> [Exercise prompt]:
Under this line are the records; repeat exactly the lines starting at the one containing "man looking at himself in mirror View" and ending at the one containing "a bathroom with", omitting pictures.

> [Supplied information]:
⟨

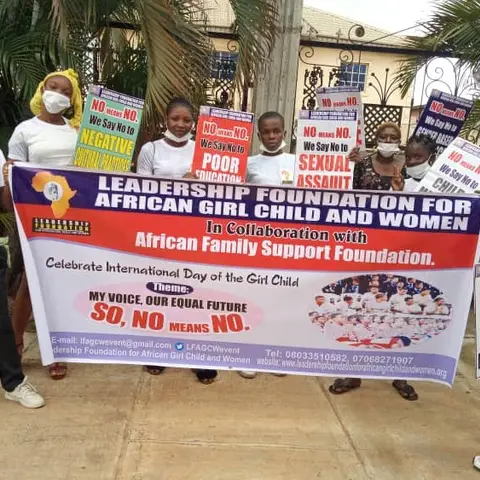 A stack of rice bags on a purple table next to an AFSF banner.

⟩
⟨

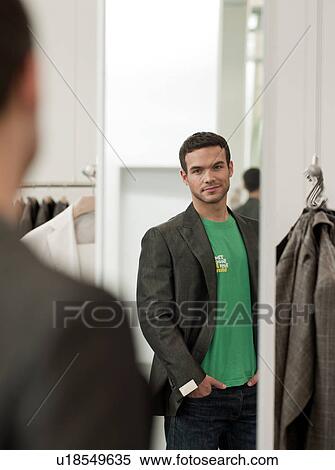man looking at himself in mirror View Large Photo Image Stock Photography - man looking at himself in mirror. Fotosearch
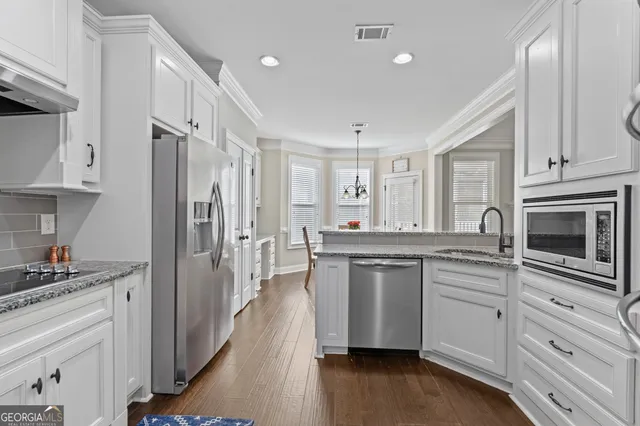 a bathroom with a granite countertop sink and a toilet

⟩
⟨

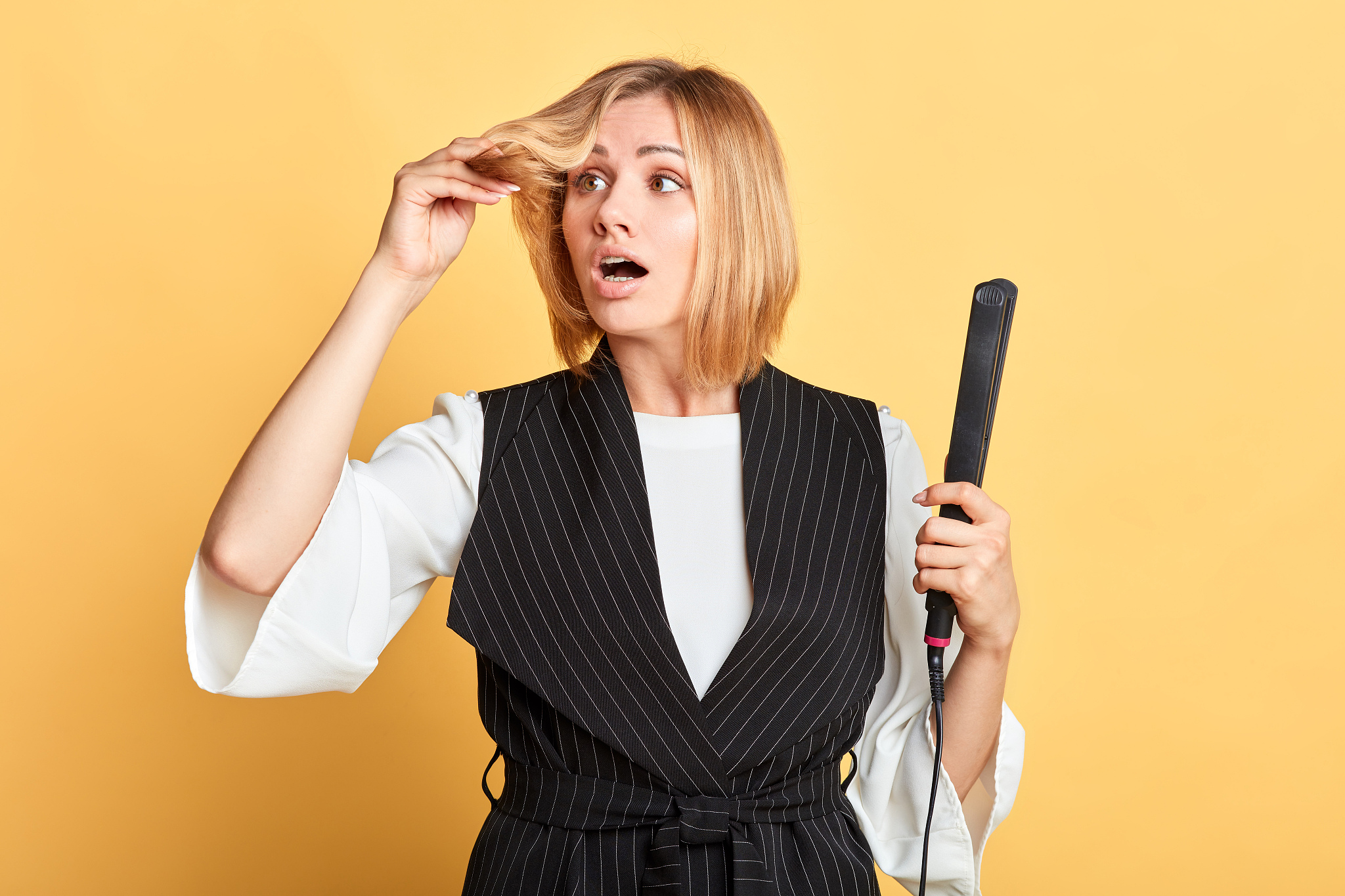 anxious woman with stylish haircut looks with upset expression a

⟩

> [Response box]:
man looking at himself in mirror View Large Photo Image Stock Photography - man looking at himself in mirror. Fotosearch
 a bathroom with a granite countertop sink and a toilet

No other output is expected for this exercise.